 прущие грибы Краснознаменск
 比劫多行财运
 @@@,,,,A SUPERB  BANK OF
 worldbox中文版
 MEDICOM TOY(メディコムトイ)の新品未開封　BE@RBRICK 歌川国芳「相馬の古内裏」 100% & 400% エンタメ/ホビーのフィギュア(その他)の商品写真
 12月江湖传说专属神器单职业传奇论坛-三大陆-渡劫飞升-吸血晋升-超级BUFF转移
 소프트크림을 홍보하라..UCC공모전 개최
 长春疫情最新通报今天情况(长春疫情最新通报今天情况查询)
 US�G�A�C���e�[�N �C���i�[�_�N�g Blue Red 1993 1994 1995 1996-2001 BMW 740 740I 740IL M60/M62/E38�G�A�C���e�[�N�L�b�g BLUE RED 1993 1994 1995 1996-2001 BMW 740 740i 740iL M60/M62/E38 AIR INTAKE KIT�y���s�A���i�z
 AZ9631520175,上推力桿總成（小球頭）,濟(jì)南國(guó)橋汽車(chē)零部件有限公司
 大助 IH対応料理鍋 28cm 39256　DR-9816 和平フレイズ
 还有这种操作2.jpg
————————
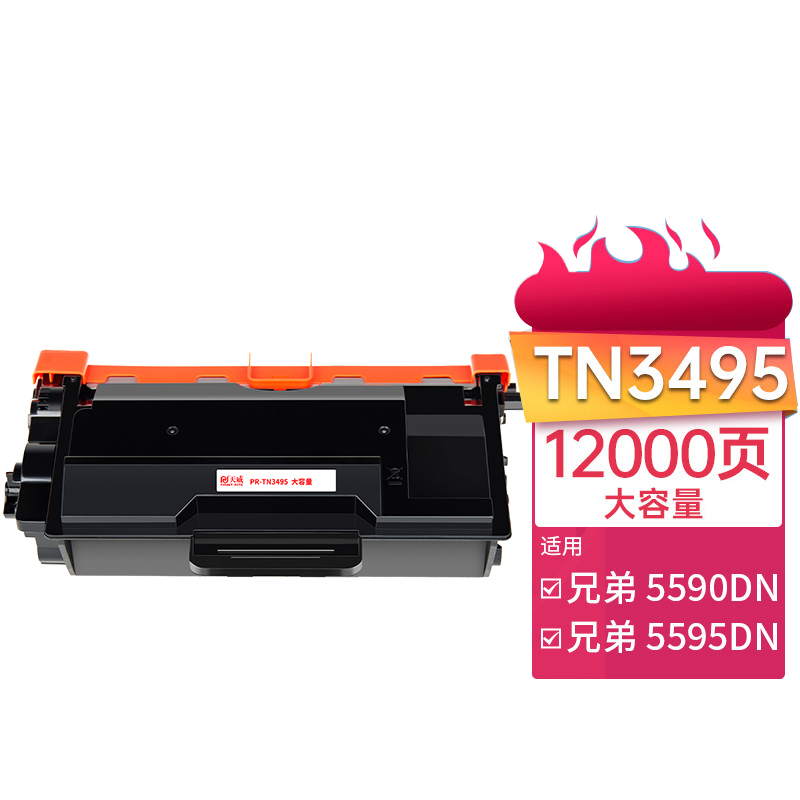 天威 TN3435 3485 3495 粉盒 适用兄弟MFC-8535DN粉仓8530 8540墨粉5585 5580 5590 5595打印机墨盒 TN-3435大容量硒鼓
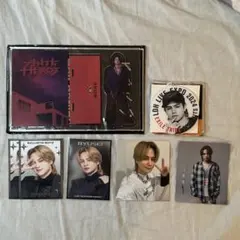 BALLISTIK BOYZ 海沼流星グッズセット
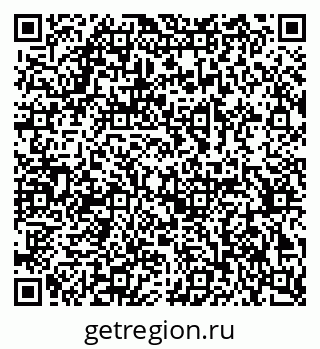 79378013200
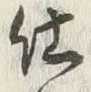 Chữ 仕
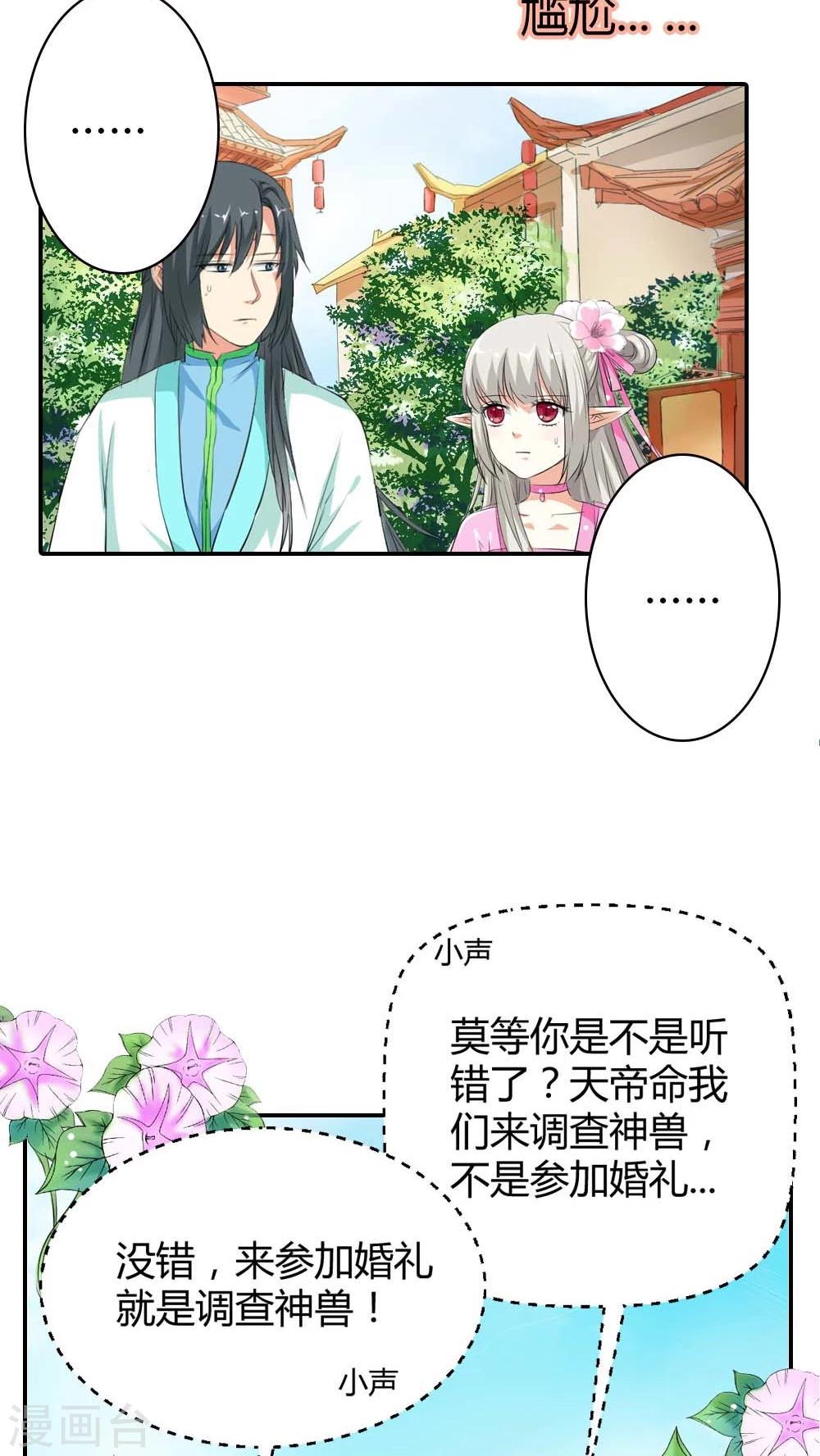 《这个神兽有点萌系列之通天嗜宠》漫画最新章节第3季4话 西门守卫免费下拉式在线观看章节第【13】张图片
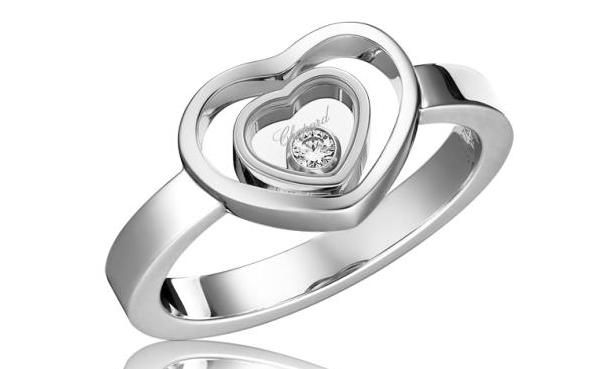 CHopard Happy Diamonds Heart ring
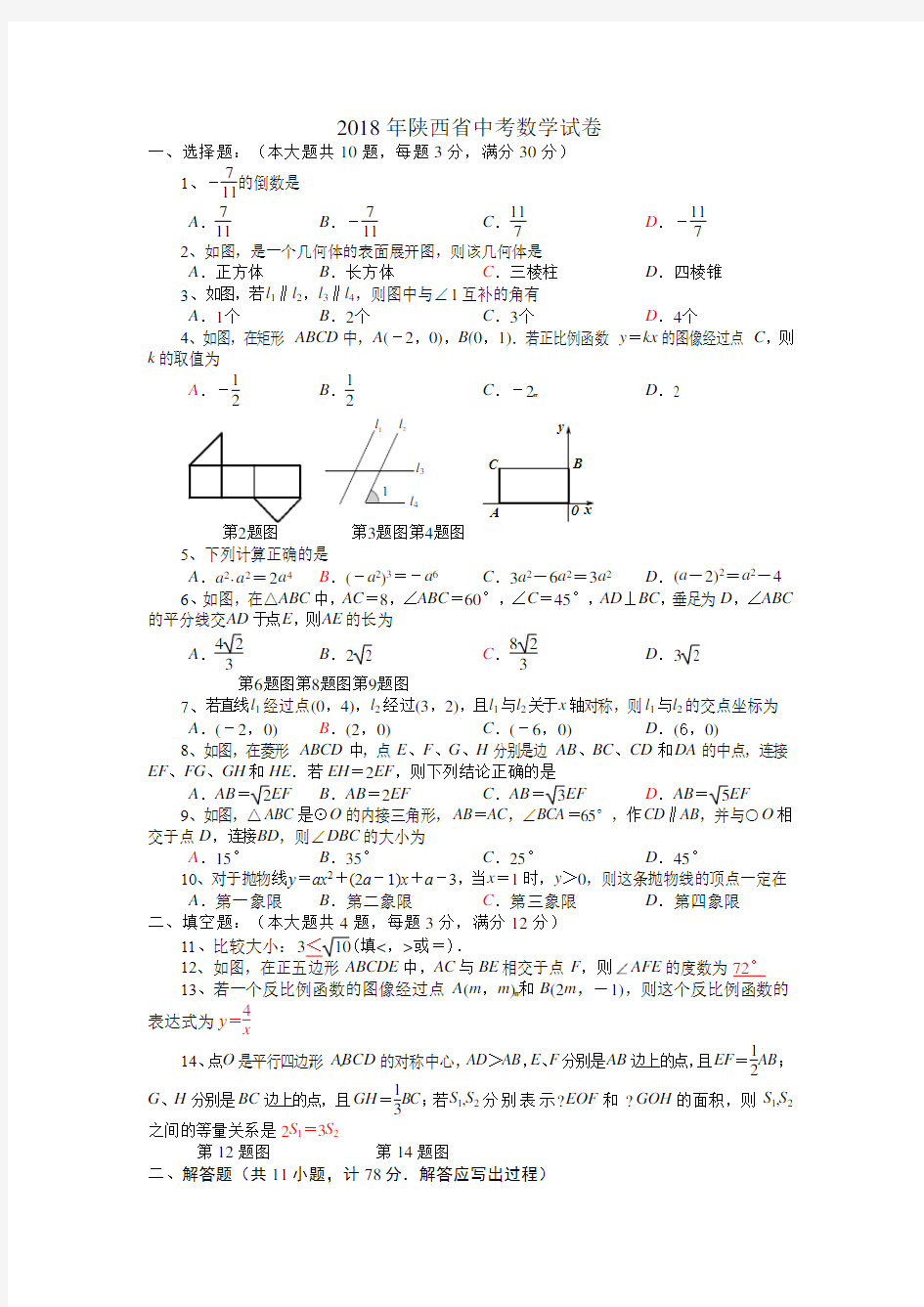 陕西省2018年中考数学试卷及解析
————————
HOW TO COMPLETE THIS TASK →
From the material above, copy exactly the lines between the line holding "прущие грибы Краснознаменск" and the line holding "还有这种操作2.jpg", inclusive, and only those.

REPLY →
 прущие грибы Краснознаменск
 比劫多行财运
 @@@,,,,A SUPERB  BANK OF
 worldbox中文版
 MEDICOM TOY(メディコムトイ)の新品未開封　BE@RBRICK 歌川国芳「相馬の古内裏」 100% & 400% エンタメ/ホビーのフィギュア(その他)の商品写真
 12月江湖传说专属神器单职业传奇论坛-三大陆-渡劫飞升-吸血晋升-超级BUFF转移
 소프트크림을 홍보하라..UCC공모전 개최
 长春疫情最新通报今天情况(长春疫情最新通报今天情况查询)
 US�G�A�C���e�[�N �C���i�[�_�N�g Blue Red 1993 1994 1995 1996-2001 BMW 740 740I 740IL M60/M62/E38�G�A�C���e�[�N�L�b�g BLUE RED 1993 1994 1995 1996-2001 BMW 740 740i 740iL M60/M62/E38 AIR INTAKE KIT�y���s�A���i�z
 AZ9631520175,上推力桿總成（小球頭）,濟(jì)南國(guó)橋汽車(chē)零部件有限公司
 大助 IH対応料理鍋 28cm 39256　DR-9816 和平フレイズ
 还有这种操作2.jpg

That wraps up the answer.